Assigned #61 https://github.com/IMCR-Hackathon/datapie/issues/61 to @atn38 https://github.com/atn38.

— You are receiving this because you were assigned. Reply to this email directly, view it on GitHub https://github.com/IMCR-Hackathon/datapie/issues/61?email_source=notifications&email_token=AKAZD5UDYGQGGB2NL7QG3HTQB5GLRA5CNFSM4IHV4GRKYY3PNVWWK3TUL52HS4DFWZEXG43VMVCXMZLOORHG65DJMZUWGYLUNFXW5KTDN5WW2ZLOORPWSZGOSYIR22I#event-2517704041, or mute the thread https://github.com/notifications/unsubscribe-auth/AKAZD5R4DOM5JWYGIFGRP5DQB5GLRANCNFSM4IHV4GRA .

clnsmth commented 5 years ago

Sure thing @atn38.

Logic at line 16 of use_missing_code() is configured such that the code within this if statement will never run. Specifically, use of in rather than %in%. These errors only occur for data packages containing attribute_metadata objects with missingValueCode (i.e. the outer if logic is working correctly.

doi:10.6073/pasta/c964ed49ff284dfcaaf53719651da60f (works) doi:10.18739/A2DP3X (errors)

Error:

Error in matrix(if (is.null(value)) logical() else value, nrow = nr, dimnames = list(rn,  : 
  length of 'dimnames' [2] not equal to array extent
Called from: matrix(if (is.null(value)) logical() else value, nrow = nr, dimnames = list(rn, 
    cn))

While a lot of datapie's functions aren't readily testable, some are. Seems like this one could be. Here is a great resource on writing unit tests for R. I'll bring up the need for unit testing in our Thursday meeting.

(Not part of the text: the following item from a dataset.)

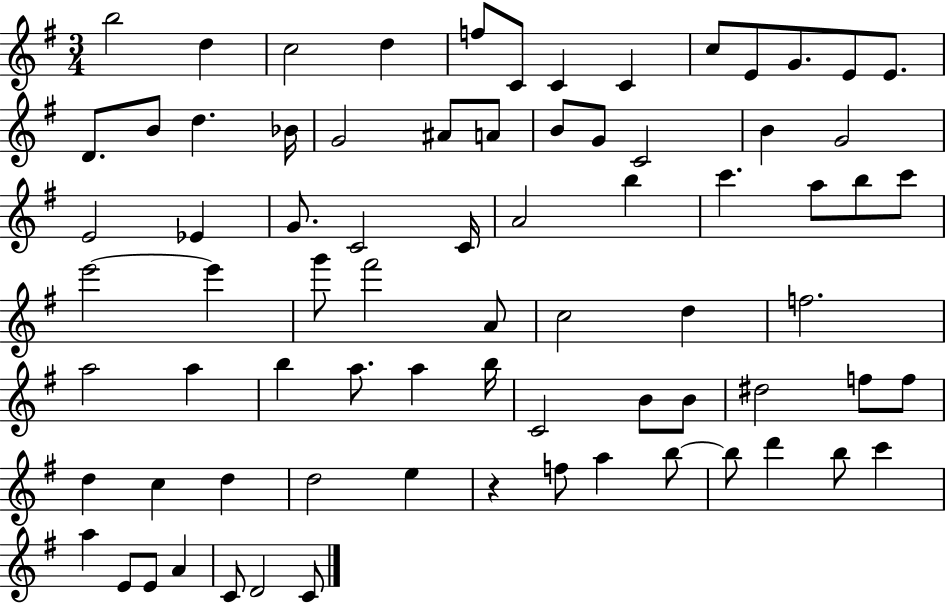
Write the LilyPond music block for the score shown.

atn38 commented 5 years ago

@clnsmth, thanks for the suggestion. I followed it but didn't seem to work. Then I found that there is a mismatch in the second data table in doi:10.18739/A2DP3X between the attributeName listed in metadata versus the column names in the data. This was the source of the error. I'll rewrite use_missing_code to not rely on names in the two places always matching up. Probably will include fuzzy matching and/or order matching of some sort.

clnsmth commented 5 years ago

Hi @atn38, the above example will not reproduce the error on the development branch because I commented out the call to use_missing_code() in the data_package_read() function (see https://github.com/IMCR-Hackathon/datapie/issues/61#issue-474238099).

Yes, incongruence between data and metadata column names makes programmatic workflows challenging! This is a prime example of the role quality metadata provides to data reuse!